製作スタッフがものすごく若いのだもの、平均年齢24歳、
感性が透き通るような一途さとやる気満々のオタク魂で満ちている。

世の中、綺麗事ばかりじゃねーよ、と言いつつ、綺麗事があってもいいじゃないか!と
有人人工衛星を打ち上げようとする地球ではない惑星の青年達。

私は大好きだ。
もし実写映画だったらクサすぎて見てなかっただろう。
アニメだから出来る技である。

王立宇宙軍 プロローグ


ああ、このプロローグを見た時の何とも複雑な気持ちを覚えている。
森本レオのモノローグ。
素晴らしいメカニック描写と構図。
「これは凄いものが見られるに違いない。」
「だが、しかし!成績が悪すぎて、宇宙軍に入ったということは、
主人公シロツグ・ラーダットよ、
君は努力しないタイプで、宇宙軍とはしょーもない職場なのか?」

フィルムへの高揚感と物語への不安感が一気に押し寄せる。
そして
坂本龍一のテーマ曲と大西信之のオープニングイラストがあまりに美しくて
いったんそれを忘れ、
さらにこれでもかと作り込まれた世界観でそれを忘れ、
少しずつ走り出す物語に我々も併走を始めるのだ。

いい映画だ。

物語は素朴で実直だといってもいい。
シロツグは単純だといってもいい。

そこがいい。

世界初の宇宙飛行士として注目を集めるようになっても、
政治や世間や国際情勢にまでちょっかい出されても、
彼や宇宙軍の仲間は人が変わったりしない。
相変わらずふざけてみたり、
ちょっと自虐的になってみたりする。
変わったのは、給料分の仕事だけしていた彼らのやる気であり、
変えたのはシロツグのちょっとした出会いであり、
相手が信心深い宣教少女リイクニだっただけのこと。

シロツグはリイクニを通して、見知らなかった社会の様相に触れ、見知らなかった自分を見出す。
それがわりと淡々と描かれる。
二人は全く違う世界の住人ゆえにすれ違う。

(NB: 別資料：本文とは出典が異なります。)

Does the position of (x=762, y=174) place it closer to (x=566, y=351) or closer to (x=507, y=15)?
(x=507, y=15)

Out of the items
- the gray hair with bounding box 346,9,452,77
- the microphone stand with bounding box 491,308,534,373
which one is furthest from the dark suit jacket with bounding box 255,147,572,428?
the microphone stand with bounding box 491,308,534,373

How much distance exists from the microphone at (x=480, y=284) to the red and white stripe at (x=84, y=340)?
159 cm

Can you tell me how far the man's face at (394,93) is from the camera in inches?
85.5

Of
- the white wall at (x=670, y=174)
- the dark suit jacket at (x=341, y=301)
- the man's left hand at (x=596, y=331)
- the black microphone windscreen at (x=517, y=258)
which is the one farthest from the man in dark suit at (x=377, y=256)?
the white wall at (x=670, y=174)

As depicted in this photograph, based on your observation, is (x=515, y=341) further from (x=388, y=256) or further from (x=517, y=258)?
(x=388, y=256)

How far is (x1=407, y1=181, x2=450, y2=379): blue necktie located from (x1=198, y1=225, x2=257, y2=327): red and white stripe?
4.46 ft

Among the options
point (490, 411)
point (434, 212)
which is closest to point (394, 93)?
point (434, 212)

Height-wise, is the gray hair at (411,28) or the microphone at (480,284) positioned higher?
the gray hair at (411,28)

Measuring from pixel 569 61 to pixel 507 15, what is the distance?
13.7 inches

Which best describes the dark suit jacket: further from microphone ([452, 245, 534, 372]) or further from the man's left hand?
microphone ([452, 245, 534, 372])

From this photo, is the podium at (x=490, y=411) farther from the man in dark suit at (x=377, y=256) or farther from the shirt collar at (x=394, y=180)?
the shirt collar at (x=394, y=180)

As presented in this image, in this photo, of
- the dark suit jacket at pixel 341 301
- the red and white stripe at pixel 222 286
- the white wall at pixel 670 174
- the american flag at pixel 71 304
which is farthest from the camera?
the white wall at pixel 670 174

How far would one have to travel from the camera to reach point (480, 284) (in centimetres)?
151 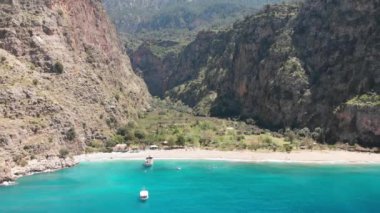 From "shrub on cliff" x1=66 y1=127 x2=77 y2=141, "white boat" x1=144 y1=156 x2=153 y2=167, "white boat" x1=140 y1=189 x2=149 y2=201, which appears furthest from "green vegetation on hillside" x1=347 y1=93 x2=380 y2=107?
"white boat" x1=140 y1=189 x2=149 y2=201

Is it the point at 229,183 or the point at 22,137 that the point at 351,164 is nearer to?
the point at 229,183

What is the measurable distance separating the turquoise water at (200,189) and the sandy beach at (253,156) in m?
5.67

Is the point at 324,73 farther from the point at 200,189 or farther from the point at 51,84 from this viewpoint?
the point at 51,84

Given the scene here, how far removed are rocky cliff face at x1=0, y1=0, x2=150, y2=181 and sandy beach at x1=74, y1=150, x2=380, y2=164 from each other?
31.2ft

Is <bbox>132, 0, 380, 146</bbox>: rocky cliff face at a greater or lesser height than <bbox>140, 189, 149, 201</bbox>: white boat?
greater

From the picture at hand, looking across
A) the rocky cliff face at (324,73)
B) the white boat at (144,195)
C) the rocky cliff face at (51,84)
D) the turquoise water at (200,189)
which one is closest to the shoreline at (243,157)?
the turquoise water at (200,189)

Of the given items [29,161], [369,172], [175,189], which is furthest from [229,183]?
[29,161]

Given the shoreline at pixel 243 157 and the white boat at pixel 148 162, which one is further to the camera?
the shoreline at pixel 243 157

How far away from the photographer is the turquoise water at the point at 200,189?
89.6m

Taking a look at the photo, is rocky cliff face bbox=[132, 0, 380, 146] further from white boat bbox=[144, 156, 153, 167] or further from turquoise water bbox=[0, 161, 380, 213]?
white boat bbox=[144, 156, 153, 167]

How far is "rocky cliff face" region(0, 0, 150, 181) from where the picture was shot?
12279cm

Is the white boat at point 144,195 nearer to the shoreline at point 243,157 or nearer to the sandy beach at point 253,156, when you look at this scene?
the shoreline at point 243,157

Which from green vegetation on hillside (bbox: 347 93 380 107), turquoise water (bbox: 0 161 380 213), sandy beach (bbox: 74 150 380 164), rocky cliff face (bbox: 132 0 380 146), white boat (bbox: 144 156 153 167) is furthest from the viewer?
rocky cliff face (bbox: 132 0 380 146)

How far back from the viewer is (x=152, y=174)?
12194cm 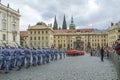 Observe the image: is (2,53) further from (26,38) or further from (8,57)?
(26,38)

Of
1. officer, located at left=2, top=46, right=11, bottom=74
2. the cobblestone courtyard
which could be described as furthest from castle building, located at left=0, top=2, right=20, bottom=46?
officer, located at left=2, top=46, right=11, bottom=74

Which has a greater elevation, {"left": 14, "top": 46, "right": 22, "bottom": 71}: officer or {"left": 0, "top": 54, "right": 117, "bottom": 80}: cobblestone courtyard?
{"left": 14, "top": 46, "right": 22, "bottom": 71}: officer

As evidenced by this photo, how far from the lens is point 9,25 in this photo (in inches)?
3022

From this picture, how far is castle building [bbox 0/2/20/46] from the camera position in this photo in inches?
2808

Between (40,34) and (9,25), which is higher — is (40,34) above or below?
below

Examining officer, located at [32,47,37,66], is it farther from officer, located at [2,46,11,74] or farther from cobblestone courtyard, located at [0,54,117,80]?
officer, located at [2,46,11,74]

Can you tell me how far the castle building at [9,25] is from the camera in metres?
71.3

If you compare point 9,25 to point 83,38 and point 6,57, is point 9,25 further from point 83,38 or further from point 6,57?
point 83,38

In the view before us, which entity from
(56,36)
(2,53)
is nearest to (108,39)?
(56,36)

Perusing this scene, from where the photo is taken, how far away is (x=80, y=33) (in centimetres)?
14788

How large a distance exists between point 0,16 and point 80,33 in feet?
268

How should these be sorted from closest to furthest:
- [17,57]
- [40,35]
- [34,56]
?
[17,57]
[34,56]
[40,35]

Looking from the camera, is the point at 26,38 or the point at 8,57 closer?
the point at 8,57

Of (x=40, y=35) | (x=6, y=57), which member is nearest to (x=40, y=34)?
(x=40, y=35) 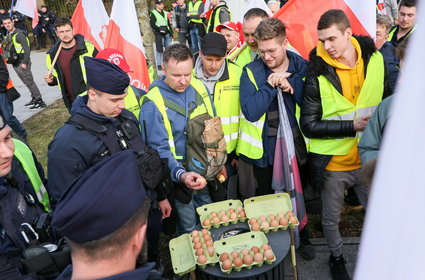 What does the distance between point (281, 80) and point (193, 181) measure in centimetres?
113

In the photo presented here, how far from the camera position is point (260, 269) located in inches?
95.9

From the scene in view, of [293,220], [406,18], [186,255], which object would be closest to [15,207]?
[186,255]

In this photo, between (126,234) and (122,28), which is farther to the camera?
(122,28)

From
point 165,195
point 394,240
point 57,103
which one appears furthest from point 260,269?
point 57,103

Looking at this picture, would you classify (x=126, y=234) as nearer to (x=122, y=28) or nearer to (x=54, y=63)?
(x=122, y=28)

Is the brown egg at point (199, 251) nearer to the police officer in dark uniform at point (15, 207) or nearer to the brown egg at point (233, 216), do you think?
the brown egg at point (233, 216)

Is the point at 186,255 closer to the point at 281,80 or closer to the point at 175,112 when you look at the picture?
the point at 175,112

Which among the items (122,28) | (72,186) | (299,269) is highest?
(122,28)

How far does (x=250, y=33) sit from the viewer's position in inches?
157

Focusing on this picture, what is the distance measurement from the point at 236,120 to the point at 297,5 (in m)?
1.40

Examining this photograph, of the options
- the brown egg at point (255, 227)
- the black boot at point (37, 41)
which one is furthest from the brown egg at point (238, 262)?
the black boot at point (37, 41)

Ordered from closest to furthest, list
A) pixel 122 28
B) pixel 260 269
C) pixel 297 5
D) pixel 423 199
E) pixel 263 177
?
pixel 423 199, pixel 260 269, pixel 263 177, pixel 297 5, pixel 122 28

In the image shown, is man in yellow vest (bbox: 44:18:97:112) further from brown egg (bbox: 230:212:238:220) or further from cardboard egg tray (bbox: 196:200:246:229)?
brown egg (bbox: 230:212:238:220)

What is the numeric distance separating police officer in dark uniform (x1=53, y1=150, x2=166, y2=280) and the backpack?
1.65 meters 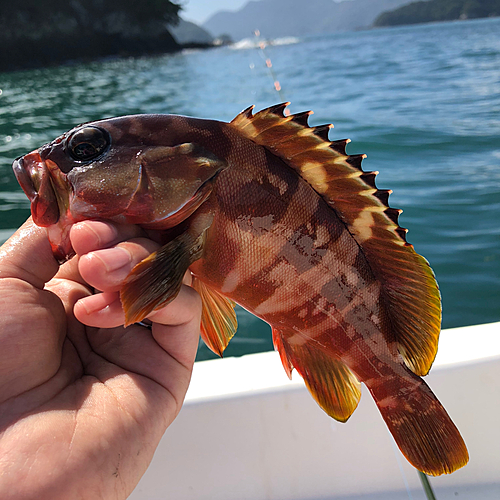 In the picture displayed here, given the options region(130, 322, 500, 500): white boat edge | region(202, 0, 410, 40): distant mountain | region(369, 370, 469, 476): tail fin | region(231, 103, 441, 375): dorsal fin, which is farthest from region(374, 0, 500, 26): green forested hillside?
region(369, 370, 469, 476): tail fin

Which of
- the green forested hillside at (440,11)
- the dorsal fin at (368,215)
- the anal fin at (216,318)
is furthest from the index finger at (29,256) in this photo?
the green forested hillside at (440,11)

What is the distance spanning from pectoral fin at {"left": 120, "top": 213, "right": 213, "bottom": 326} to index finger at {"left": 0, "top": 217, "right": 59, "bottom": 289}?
387 millimetres

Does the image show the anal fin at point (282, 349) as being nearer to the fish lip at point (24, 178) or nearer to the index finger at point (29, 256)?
the index finger at point (29, 256)

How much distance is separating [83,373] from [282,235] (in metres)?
0.85

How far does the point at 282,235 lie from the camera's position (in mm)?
1315

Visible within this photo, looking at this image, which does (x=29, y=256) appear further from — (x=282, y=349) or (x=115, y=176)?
(x=282, y=349)

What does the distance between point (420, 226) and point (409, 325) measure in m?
4.43

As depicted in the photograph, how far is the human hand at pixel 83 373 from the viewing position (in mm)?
1120

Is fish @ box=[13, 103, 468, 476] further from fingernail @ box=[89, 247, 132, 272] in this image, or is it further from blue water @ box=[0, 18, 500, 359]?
blue water @ box=[0, 18, 500, 359]

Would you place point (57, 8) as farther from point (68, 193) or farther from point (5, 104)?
point (68, 193)

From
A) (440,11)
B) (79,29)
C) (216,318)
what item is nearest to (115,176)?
(216,318)

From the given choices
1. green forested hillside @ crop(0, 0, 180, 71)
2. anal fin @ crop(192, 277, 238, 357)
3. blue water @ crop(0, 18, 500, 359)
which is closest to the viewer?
anal fin @ crop(192, 277, 238, 357)

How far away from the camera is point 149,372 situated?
1.48 m

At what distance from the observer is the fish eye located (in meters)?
1.21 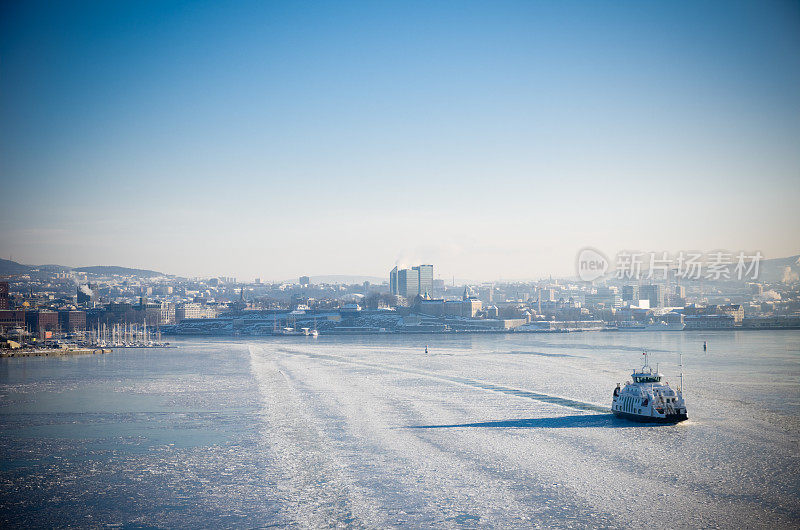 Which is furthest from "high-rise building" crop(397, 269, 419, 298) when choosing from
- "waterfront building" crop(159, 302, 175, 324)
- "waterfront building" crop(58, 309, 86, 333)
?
"waterfront building" crop(58, 309, 86, 333)

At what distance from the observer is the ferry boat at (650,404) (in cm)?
2083

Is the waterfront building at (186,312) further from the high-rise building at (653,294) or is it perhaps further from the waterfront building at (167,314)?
the high-rise building at (653,294)

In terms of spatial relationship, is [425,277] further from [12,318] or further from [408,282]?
[12,318]

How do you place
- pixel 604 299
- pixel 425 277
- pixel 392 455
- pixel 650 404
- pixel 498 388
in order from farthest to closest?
pixel 425 277, pixel 604 299, pixel 498 388, pixel 650 404, pixel 392 455

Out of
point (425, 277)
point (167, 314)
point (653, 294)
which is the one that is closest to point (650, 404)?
point (167, 314)

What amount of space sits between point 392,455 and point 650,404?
951cm

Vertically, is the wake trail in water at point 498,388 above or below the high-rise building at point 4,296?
below

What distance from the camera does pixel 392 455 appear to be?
16.5 metres

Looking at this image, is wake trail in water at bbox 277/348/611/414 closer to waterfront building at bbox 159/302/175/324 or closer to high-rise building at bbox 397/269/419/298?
waterfront building at bbox 159/302/175/324

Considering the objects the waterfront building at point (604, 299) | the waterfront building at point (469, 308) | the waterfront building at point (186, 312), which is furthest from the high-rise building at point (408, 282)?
the waterfront building at point (186, 312)

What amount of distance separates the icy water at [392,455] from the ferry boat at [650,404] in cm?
53

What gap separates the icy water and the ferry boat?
0.53 m

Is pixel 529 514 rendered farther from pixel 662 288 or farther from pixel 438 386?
pixel 662 288

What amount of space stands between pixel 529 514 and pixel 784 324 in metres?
101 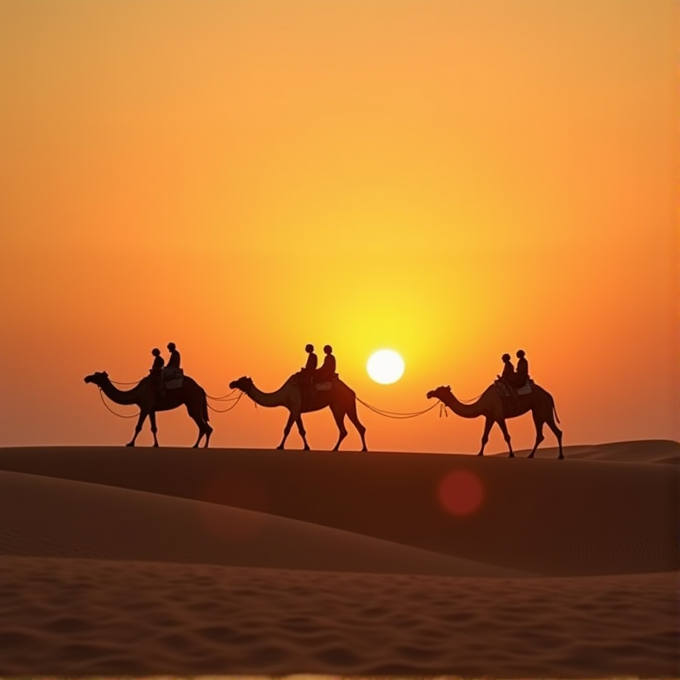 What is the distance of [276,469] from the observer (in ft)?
61.1

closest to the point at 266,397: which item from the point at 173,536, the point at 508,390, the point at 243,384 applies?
the point at 243,384

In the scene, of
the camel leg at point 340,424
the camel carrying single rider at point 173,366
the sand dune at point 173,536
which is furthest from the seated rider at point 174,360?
the sand dune at point 173,536

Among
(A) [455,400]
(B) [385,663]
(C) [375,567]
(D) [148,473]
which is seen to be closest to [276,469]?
(D) [148,473]

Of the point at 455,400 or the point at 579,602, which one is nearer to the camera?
the point at 579,602

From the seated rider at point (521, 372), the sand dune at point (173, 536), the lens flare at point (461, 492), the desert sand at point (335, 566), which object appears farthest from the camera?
the seated rider at point (521, 372)

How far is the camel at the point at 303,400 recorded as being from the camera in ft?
69.2

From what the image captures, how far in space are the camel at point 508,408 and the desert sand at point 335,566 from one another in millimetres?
914

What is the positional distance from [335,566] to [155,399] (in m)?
11.5

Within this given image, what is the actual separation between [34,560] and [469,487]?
37.6ft

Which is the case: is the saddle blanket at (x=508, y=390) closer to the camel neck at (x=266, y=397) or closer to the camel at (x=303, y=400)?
the camel at (x=303, y=400)

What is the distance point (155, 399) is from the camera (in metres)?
21.4

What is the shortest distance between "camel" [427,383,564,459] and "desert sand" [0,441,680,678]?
0.91 meters

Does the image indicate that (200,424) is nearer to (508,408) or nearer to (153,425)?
(153,425)

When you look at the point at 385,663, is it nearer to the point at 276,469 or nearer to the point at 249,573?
the point at 249,573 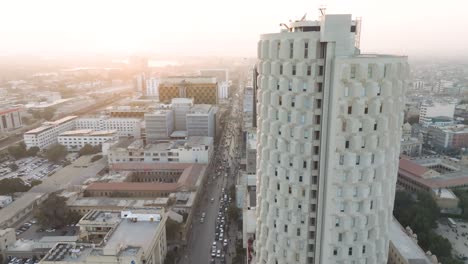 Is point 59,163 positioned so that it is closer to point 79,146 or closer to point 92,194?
point 79,146

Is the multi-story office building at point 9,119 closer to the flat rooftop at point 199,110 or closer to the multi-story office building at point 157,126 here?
the multi-story office building at point 157,126

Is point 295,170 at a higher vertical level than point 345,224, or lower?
higher

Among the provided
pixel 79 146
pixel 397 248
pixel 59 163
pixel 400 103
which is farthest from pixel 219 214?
pixel 79 146

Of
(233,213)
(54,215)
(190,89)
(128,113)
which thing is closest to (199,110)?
(128,113)

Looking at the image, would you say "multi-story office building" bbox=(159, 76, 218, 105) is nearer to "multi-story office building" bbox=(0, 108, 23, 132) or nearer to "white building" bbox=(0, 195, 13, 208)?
"multi-story office building" bbox=(0, 108, 23, 132)

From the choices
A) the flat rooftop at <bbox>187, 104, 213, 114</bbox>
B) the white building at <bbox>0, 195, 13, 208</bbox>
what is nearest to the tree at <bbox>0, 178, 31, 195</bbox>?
the white building at <bbox>0, 195, 13, 208</bbox>

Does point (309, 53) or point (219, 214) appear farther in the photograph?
point (219, 214) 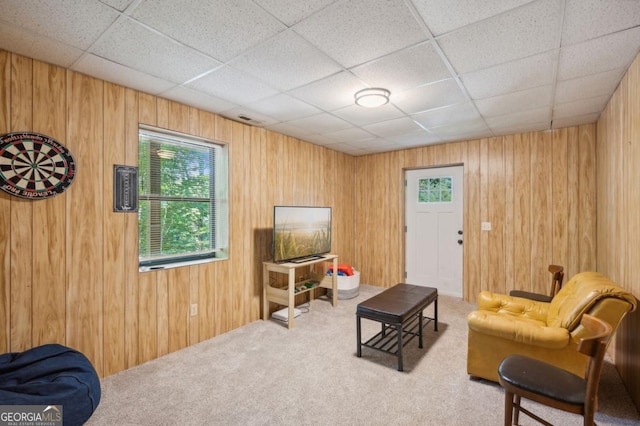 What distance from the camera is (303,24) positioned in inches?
66.4

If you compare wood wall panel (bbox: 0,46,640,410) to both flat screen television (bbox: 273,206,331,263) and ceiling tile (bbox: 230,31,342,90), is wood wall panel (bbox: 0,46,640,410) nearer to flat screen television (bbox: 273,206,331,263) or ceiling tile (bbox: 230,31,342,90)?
flat screen television (bbox: 273,206,331,263)

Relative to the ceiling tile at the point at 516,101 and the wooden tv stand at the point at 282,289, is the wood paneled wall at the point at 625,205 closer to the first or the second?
the ceiling tile at the point at 516,101

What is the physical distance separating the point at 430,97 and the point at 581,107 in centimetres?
165

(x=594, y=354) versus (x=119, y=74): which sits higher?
(x=119, y=74)

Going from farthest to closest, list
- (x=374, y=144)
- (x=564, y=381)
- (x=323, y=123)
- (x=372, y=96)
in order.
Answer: (x=374, y=144) → (x=323, y=123) → (x=372, y=96) → (x=564, y=381)

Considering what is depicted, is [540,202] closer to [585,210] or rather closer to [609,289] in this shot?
[585,210]

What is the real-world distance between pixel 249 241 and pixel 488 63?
2.96 m

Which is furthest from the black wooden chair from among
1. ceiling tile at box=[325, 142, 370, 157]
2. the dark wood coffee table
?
ceiling tile at box=[325, 142, 370, 157]

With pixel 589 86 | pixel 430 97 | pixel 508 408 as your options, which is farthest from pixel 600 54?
pixel 508 408

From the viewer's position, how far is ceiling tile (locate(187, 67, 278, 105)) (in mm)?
2330

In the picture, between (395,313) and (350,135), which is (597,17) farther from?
(350,135)

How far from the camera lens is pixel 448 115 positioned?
3.27 m

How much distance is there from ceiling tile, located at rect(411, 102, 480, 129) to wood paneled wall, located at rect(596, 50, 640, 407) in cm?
113

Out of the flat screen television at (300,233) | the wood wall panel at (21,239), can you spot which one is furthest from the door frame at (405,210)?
the wood wall panel at (21,239) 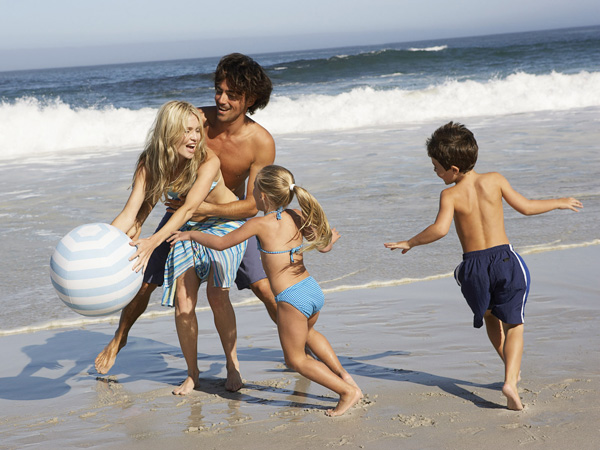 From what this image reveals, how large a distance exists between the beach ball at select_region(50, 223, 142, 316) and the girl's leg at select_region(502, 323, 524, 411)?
191 centimetres

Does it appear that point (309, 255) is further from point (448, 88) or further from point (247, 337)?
point (448, 88)

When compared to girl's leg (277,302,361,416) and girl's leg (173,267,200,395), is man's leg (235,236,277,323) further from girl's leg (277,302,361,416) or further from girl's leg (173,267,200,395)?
girl's leg (277,302,361,416)

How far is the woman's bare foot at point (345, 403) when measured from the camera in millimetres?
3334

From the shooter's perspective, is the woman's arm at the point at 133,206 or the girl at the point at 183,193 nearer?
the girl at the point at 183,193

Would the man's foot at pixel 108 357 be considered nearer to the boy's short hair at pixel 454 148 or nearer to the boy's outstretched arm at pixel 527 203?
the boy's short hair at pixel 454 148

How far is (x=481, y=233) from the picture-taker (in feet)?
11.4

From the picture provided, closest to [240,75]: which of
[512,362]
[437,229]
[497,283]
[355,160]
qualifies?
[437,229]

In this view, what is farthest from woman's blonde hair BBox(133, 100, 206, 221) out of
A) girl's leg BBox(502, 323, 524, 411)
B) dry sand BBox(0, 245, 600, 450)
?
girl's leg BBox(502, 323, 524, 411)

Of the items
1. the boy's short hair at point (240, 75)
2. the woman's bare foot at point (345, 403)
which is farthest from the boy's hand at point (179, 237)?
the woman's bare foot at point (345, 403)

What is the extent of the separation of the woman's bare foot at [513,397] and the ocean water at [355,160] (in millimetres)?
2071

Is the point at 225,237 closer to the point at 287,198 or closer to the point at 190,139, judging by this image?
the point at 287,198

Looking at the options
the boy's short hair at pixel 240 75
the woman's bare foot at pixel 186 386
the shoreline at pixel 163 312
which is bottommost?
the shoreline at pixel 163 312

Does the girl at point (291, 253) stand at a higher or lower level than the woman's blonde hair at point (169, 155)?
lower

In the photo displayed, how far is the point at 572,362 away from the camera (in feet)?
12.3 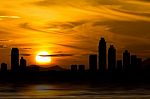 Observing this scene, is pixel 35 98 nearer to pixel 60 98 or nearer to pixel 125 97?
pixel 60 98

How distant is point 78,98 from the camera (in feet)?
286

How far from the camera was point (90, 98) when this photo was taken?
8781 centimetres

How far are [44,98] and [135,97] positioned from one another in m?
13.2

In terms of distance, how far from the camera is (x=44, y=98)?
293 ft

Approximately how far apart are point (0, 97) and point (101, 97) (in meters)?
15.1

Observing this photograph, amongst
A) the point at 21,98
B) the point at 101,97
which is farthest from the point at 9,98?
the point at 101,97

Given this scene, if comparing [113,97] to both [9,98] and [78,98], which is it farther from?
[9,98]

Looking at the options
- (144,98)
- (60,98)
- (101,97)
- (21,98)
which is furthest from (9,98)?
(144,98)

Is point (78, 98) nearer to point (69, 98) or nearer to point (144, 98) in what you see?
point (69, 98)

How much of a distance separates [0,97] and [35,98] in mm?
6637

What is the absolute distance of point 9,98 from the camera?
89812mm

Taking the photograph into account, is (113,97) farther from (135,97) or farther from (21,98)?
(21,98)

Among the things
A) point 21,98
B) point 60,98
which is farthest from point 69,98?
point 21,98

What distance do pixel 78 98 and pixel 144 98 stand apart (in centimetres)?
933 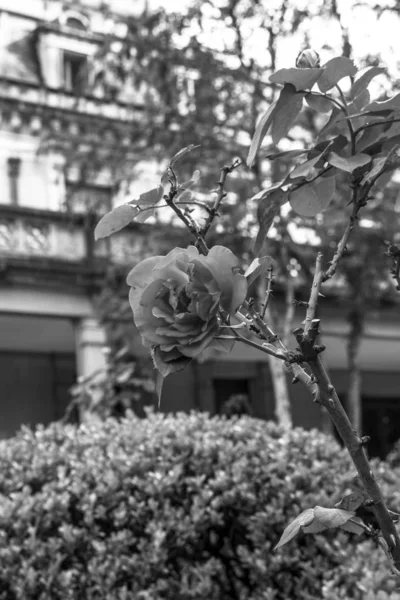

それは喜びではない。
埋めたいが簡単に埋められるものでもない。
リイクニの世間からのズレ方も、また絶妙だったりする。
それでもシロツグはリイクニに会いに行く。

そこがいい。

異世界SFモノでありながら、立派な青春映画なのだ。

映像はたいへんな凝りようだ。
実にマニアックで、ガイナックスらしさが随所に現れる。
特にクライマックスのロケット発射&ロケット争奪戦は狂ったような凄さだ。
映像と効果音と音楽のシンクロは今見ても震える。

王立宇宙軍 (Royal Space Force) ロケット打ち上げシーン


物語は打ち上げ成功バンザイでは終わらない。
ここからが青臭さの真骨頂。
なんと人類の歴史をナレーションもセリフもなく、音楽と映像だけでカーーーーッッと見せる。
わざわざ、これをやるということが若さだ。
純粋バカ的な凄味が全編を貫いているのだ。

そこがいい。

映画は対立するモノを対立したままに描き、何の具体的な解決がないまま放り出し、
リイクニが夜の街で相変わらず布教活動をしているシーンで終わる。

それゆえか、共闘世代のあるアニメ業界人は苦言を呈している。
「僕達はがんばりましたっていうだけの映画で、何の結果も出てないラストはいただけない。」という主旨だ。
それは論点が違うのだ。
共闘世代は社会の不条理と闘うのだが、
高度成長期に育った人間は社会の不条理の中でどう生きるかを模索した。

社会と闘って負けた先代とは違う道を行くのは自然だ。

そして、物質的豊かさとモラトリアムの融合はオタクを産んだ。
彼らはそれまでになかった複合視野を持ち、論理と情報の共有を求めて、
凄まじい伝達と表現能力を発揮しはじめた。現在の「アニメ見るなら誰でもオタク」とはかなり違う。
濃い人達だ。
この映画はその道標のような映画だ。

青春の終わりを予感する人達へ、夏の最後の花火のようにあの声が響く。アンタバライ!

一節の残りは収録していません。